Zu denjenigen, die laut UNOC in Lissabon nach «innovativen,
wissenschaftlich fundierten Lösungsvorschlägen» suchen werden,
gehören unter anderem der amerikanische Klima-Sonderbeauftragte und
Ex-Außenminister John Kerry, dessen russischer Kollege Ruslan
Edelgerijew, ein enger Vertrauter von Kremlchef Wladimir Putin, und
UN-Generalsekretär António Guterres. Auch Staats- und Regierungschefs
wie Emmanuel Macron und Boris Johnson wollen nach Angaben der
Regierung Portugals möglicherweise vorbeischauen.

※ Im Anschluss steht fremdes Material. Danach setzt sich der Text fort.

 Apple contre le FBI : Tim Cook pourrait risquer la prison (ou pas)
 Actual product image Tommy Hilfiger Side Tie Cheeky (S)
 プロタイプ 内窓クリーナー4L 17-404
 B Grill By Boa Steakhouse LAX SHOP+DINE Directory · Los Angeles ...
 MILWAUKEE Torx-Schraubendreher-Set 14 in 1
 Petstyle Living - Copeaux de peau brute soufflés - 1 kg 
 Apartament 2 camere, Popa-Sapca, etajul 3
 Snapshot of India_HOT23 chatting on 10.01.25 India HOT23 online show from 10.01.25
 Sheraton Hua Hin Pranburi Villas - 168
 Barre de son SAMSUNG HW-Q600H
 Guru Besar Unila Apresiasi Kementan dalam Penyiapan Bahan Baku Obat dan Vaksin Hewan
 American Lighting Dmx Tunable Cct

Sie alle wissen ganz genau: Es geht «nicht nur» um das Überleben von

bedrohten Meerestieren wie Gelbflossen-Thunfisch, Papageientaucher,
Blauwal, Blauhai, Glattrochen, Karettschildkröten und vielen mehr.
Die Weltmeere, die über 70 Prozent der Erdoberfläche bedecken und
mehr als 80 Prozent des Lebens auf der Erde beherbergen, sind auch
für den Menschen überlebenswichtig. Für Milliarden sind sie Arbeits-

und Ernährungsgrundlage. Sie sind ein entscheidender Bestandteil des
globalen Klimasystems, produzieren über die Hälfte des Sauerstoffs,
den wir atmen, und absorbieren rund ein Viertel aller CO2-Emissionen.

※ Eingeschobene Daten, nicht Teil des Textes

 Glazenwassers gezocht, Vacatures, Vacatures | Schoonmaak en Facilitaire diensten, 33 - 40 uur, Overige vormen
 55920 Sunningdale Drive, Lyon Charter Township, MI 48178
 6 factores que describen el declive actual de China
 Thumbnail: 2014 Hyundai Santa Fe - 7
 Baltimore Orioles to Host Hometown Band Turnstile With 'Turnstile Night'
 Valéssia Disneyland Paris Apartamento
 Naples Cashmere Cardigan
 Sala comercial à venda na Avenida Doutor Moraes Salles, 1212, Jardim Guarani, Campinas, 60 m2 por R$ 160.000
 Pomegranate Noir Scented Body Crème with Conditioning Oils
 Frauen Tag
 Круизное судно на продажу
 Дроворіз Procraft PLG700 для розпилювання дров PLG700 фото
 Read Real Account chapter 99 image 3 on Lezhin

Die Portugiesin Maria Santos ist, wie so viele, trotzdem skeptisch,
dass man «die Unvereinbarkeit der meisten Umweltschutzziele mit denen
der Wirtschaft» bald werde überwinden können. Doch der Minister für

Wirtschaft und Meeresangelegenheiten ihres Landes, António Costa e
Silva, sprach als Gastgeber der Konferenz schon vor einiger Zeit
Klartext: «Wir haben die Meere in so etwas wie die Klos des Planeten
verwandelt. Es an der Zeit, Nein zu sagen.»